Remaining on the same theme as the previous story – the 6200BC event and its aftermath, we have a nice piece of Chinese research. The 8.2 ka year event is described as an important watershed in human history as it involved widespread changes in sea level around the continental shelf systems of the world. What happened in China?
At https://phys.org/news/2025-12-ka-event-triggered-social-destruction.html … Dr Yuchen Tan and colleagues examined the consequences of the event on the North China Plain – at the point of the abrupt climatic change at 8.2 ka years ago. A settlement at Jiahu not only survived the actual event itself but demonstrated remarkable resilience to what was a dramatic shift to a colder and harsher environment. This, they say, shows that the event was not universally ‘catastrophic’ in nature. People continued to live at Jiahu, and in fact the population increased as people from surrounding settlements in northern China experienced declines and abandonment of their settlements. Why might this have been?

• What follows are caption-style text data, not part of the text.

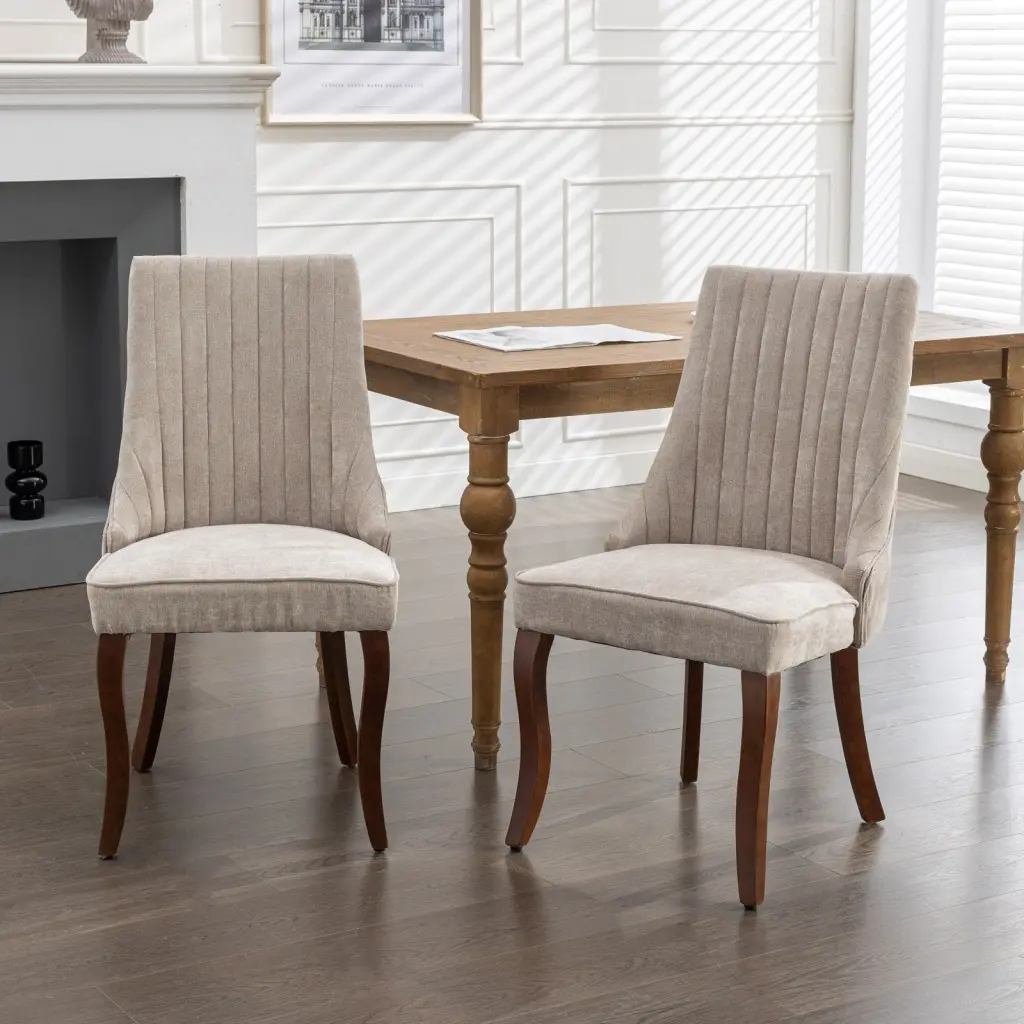 Rayon Cloth Flocking Linen Dining Chairs Kitchen and Dinner a-a furniture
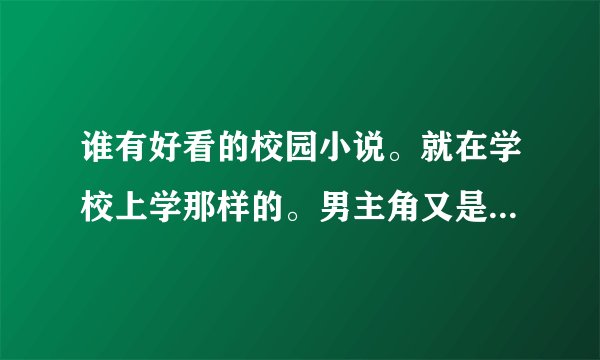谁有好看的校园小说。就在学校上学那样的。男主角又是个坏坏的，对女主角很好的。很疼她。故事情节好看的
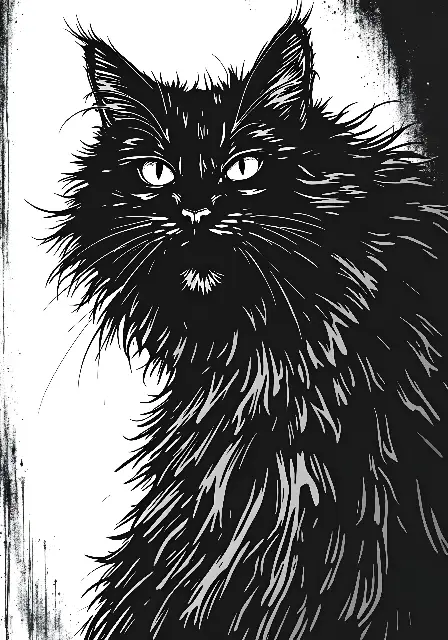 Gothic Line Art Fluffy Black Cat Illustration, Glowing Eyes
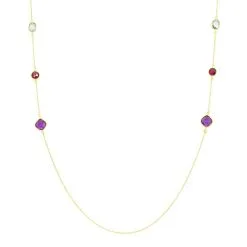 Histoire D'Or Collier Sautoir Or Jaune Rhodolite Et Amethyste Et Topaze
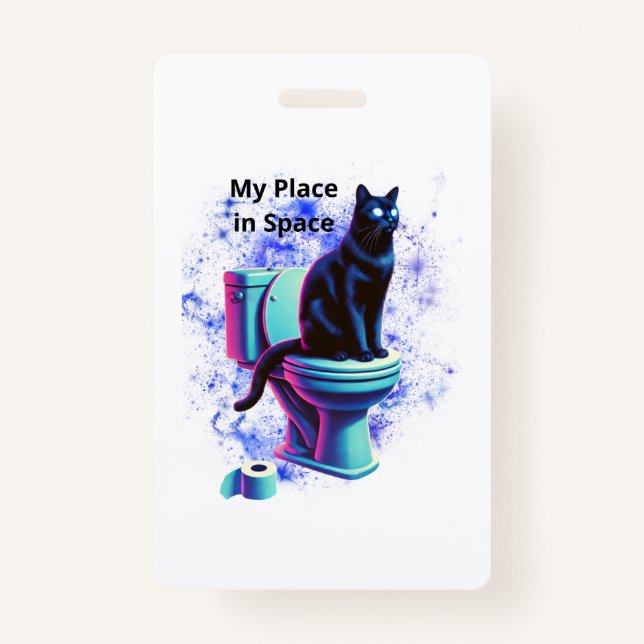 Badge Toilette de chat Noir Cosmique - Vaporwave Surreal (Devant)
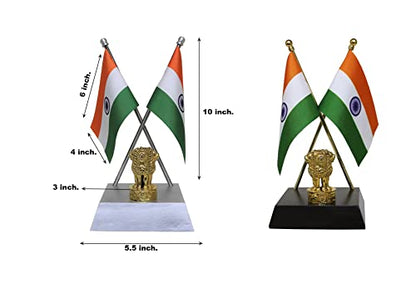 FlagSource Indian National Table Flags with A Shiny 18K Gold-Plated Brass Emblem of India (Ashok Stambha) and Aluminium Base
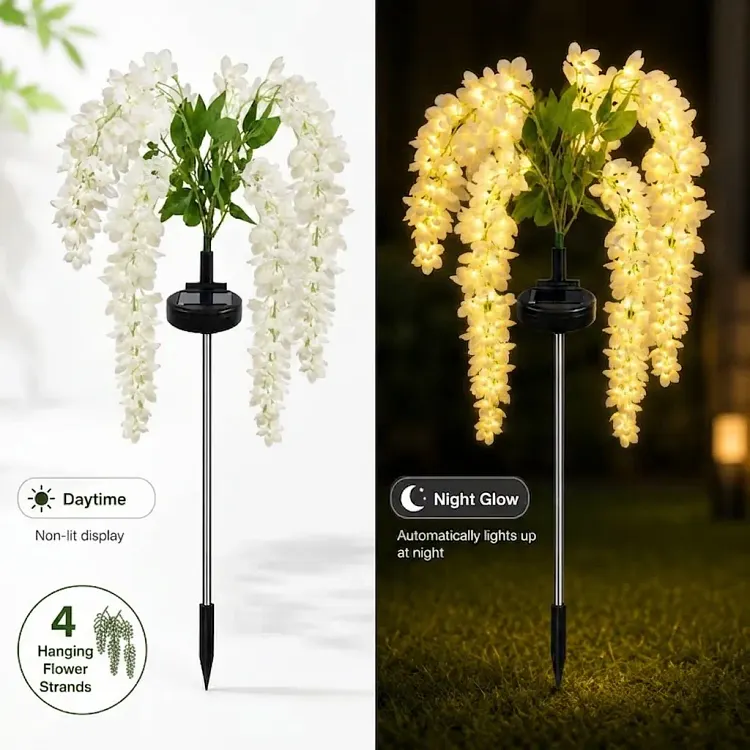 Solar Wisteria Garden Lights 🌸 Waterproof Decorative Outdoor Patio Yard Lighting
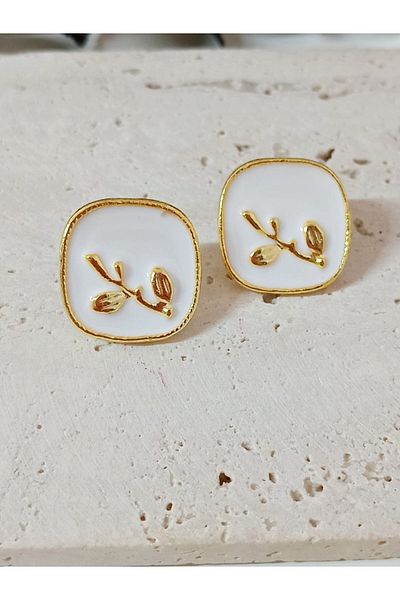 mos&more White Enamel Gold Square Earrings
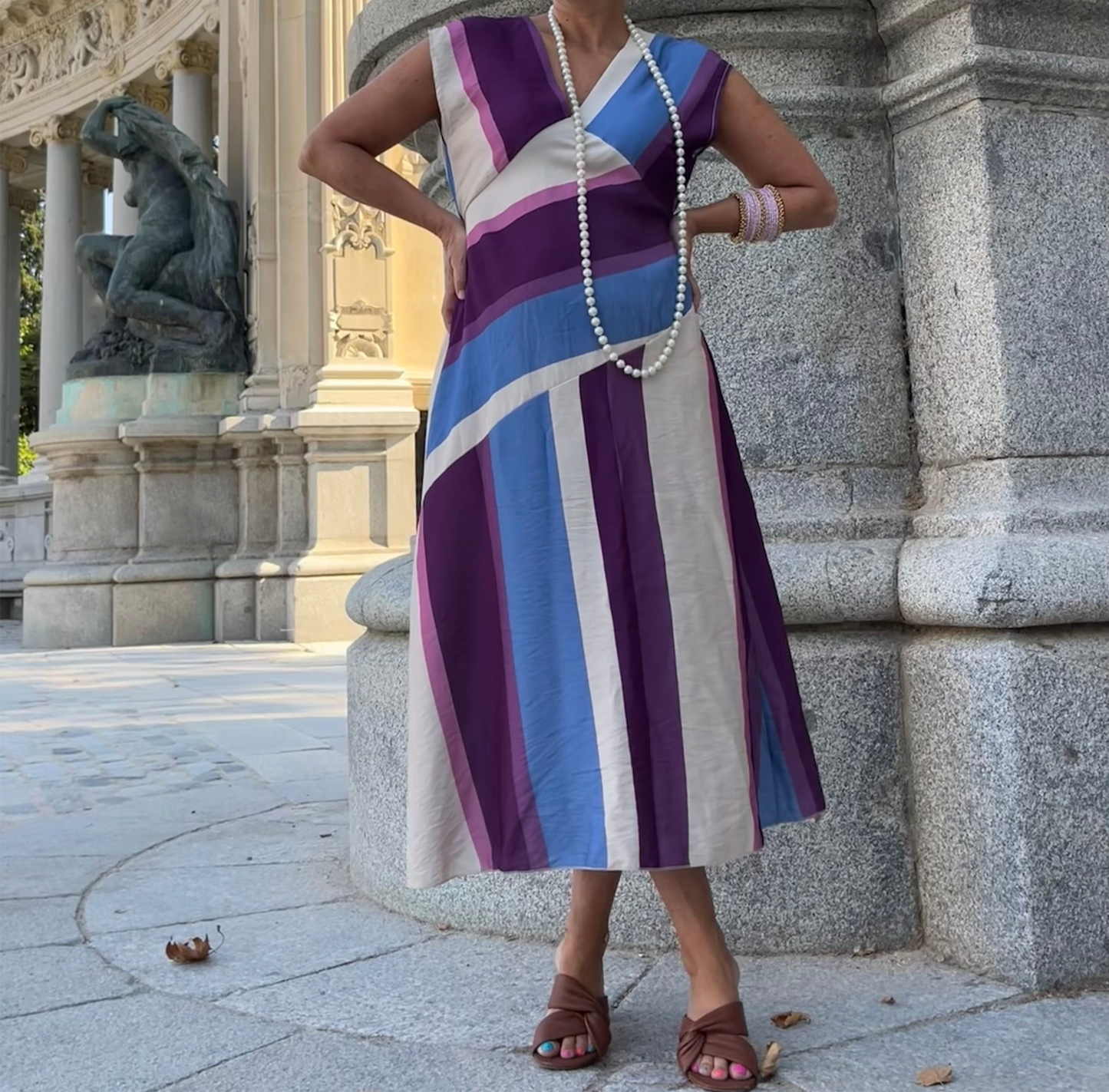 Vestido midi rayas multicolor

The event is marked in ice cores in Greenland as a temporary cooling event that lasted between 200 and 300 years. A sort of short version of the Younger Dryas event. The jiahu region is strewn with thousands of rivers and small water channels and the secret of its occupation at this time may simply have been the availability of water in what was an extreme climatic upheaval. Not only was there water but these rivers would have been rich in resources, such as fish and aquatic life in general. Hungry people made their way to the water rich environment just as in times of drought and hardship people made their way into the Nile valley and the delta system, from the Levant in the east and Libya in the west.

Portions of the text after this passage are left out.